After suffering through the Petraeus hearings, it’s time for Congress to take responsibility for our sinkhole war.
By EDITORIAL  |  April 9, 2008


Watching the Senate Armed Services and the Foreign Relations Committees question Iraq proconsul General David Petraeus about the status of the war was a disturbing, almost embarrassing, experience.

It was as if the unspoken but acrid truth that this war was a huge mistake and a terrible waste had so permeated every crevice of Capitol Hill that the air in the hearing room was noxious with futility.

The so-called surge on which Petraeus reported has been a narrowly defined success. Casualties among American troops and Iraqi civilians are down since January 2007, when the surge was announced, as are insurgent attacks. The seizure of weapons has dramatically increased.

But when all the bodies are counted, the level of violence continues at a pitch that was anxiety-provoking two years ago. Within the context of a conflict that has lasted longer than World War II, that must be as sobering to hawks as it is depressing to doves.

During the first of two day-long hearings, the anti-war senators were careful to reaffirm their solicitude for American troops. The pro-war senators were cautious not to challenge the underlying rational for President Bush’s adventure. Nuance was all.

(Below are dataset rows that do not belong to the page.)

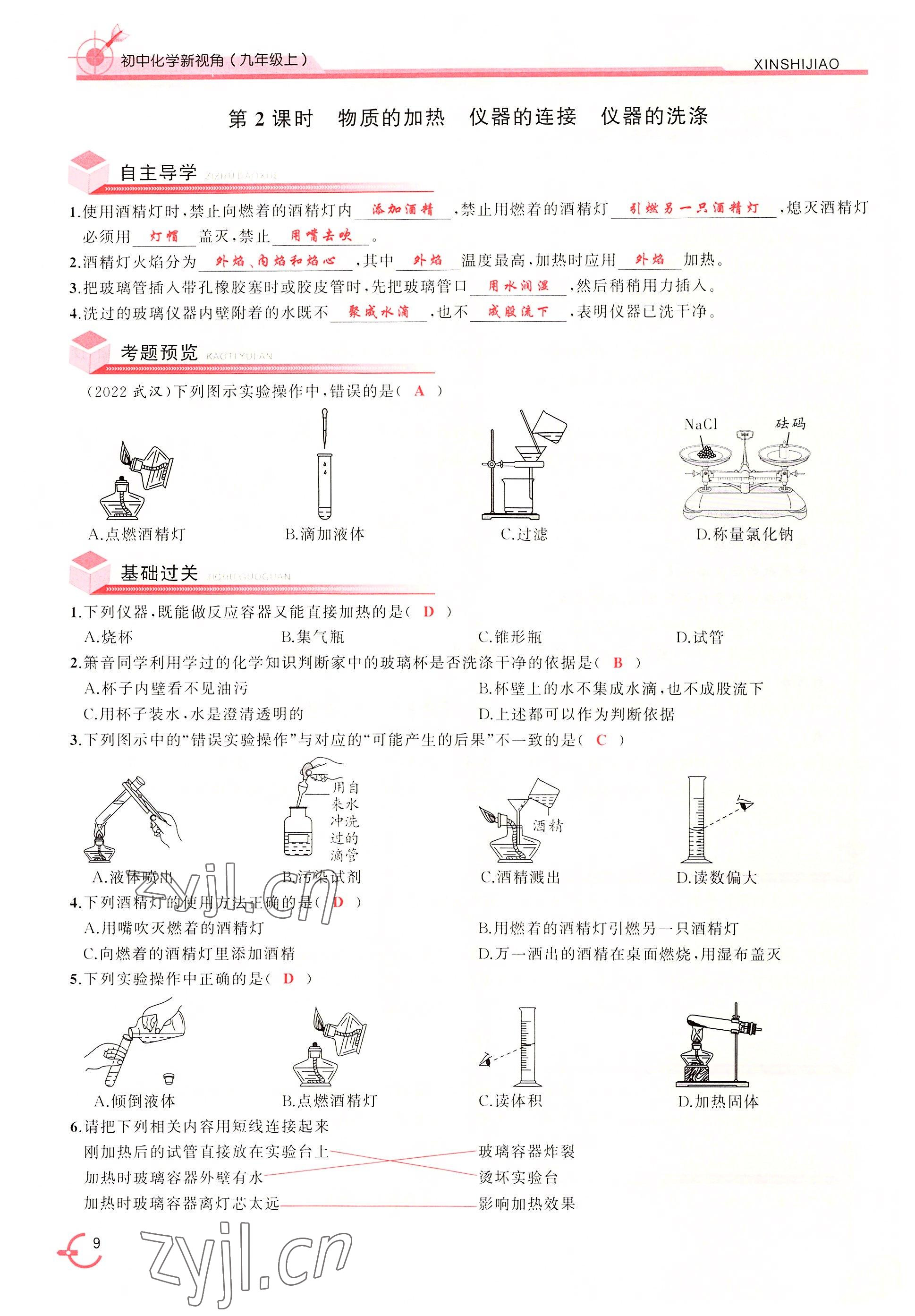 2022年新视角教辅系列丛书九年级化学上册人教版 参考答案第9页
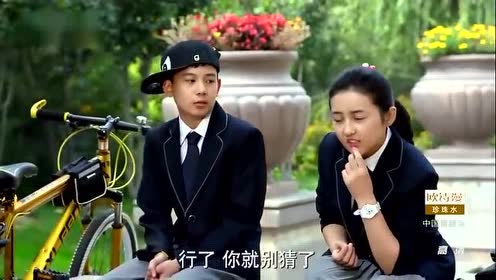 小别离:朵朵为小宇要被送出国留学做此安慰,支招对付他老爸!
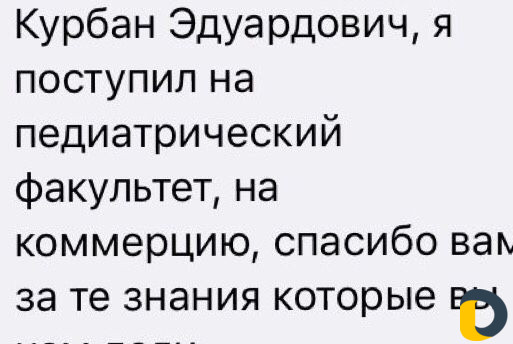 Подготовка к егэ и Олимпиаде по химии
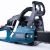 Бензопила Alteco Promo GCS 2307 (GCS-45) 18" в Курске
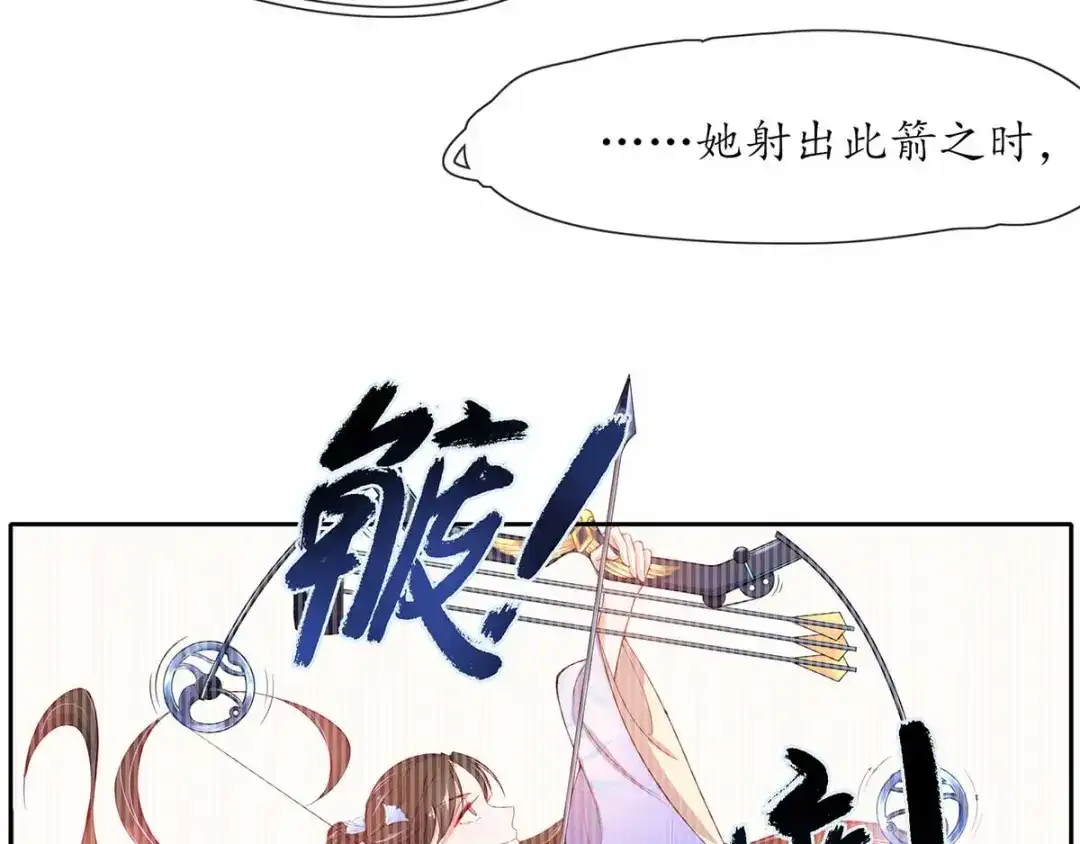 《王妃的修仙指南》第13话 云悠的可怕预测 第76页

Given that Bush has guaranteed the war will continue more or less as it has well into the first year or two of a new presidency, the Petraeus hearings made for a hollow exercise in accountability.

The three presidential candidates provided what drama there was. They temporarily quit the campaign tour to return to their day jobs, as if to audition for the job of commander in chief. They played in character.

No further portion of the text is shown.